> YOUR OBJECTIVE: Print nothing except the line holding "Thumbnail 3 in" and the lines that come after it in the material below, and leave the pictures out.
---------- SUPPLIED INFORMATION ----------
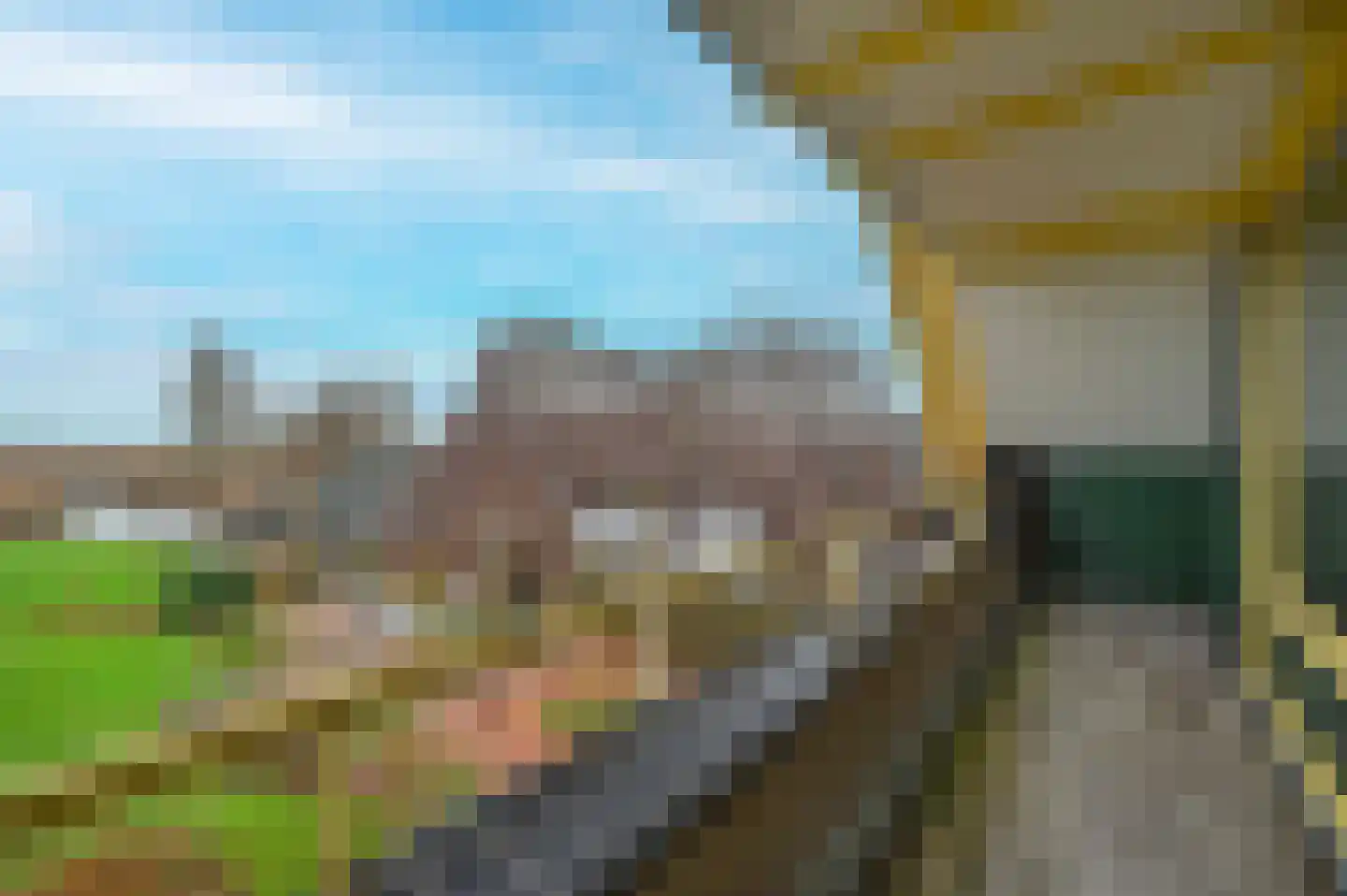 Oudhuijzerweg 30 Wilnis thumbnail 23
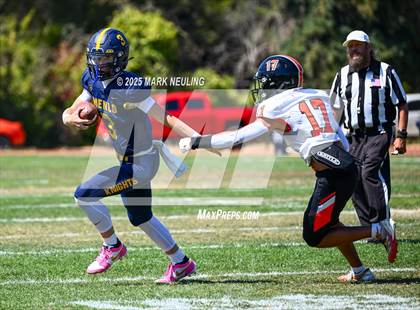 Thumbnail 3 in San Mateo @ Menlo School photogallery.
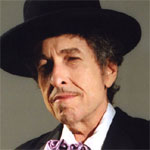 Bob Dylan's song turned into children's book
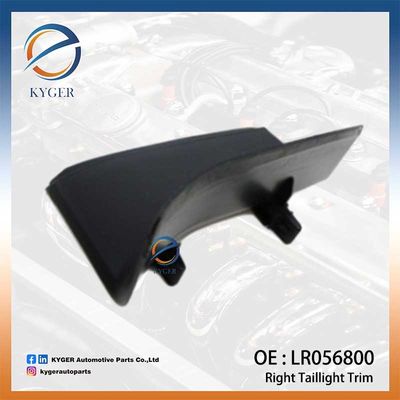Rechter Achterlicht Achtergat Liftgate Hoekvorming Trim LR056800 LR045168 voor Land Rover Range Rover Sport L494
----------
> REPLY TO THE TASK:
 Thumbnail 3 in San Mateo @ Menlo School photogallery.
 Bob Dylan's song turned into children's book
Rechter Achterlicht Achtergat Liftgate Hoekvorming Trim LR056800 LR045168 voor Land Rover Range Rover Sport L494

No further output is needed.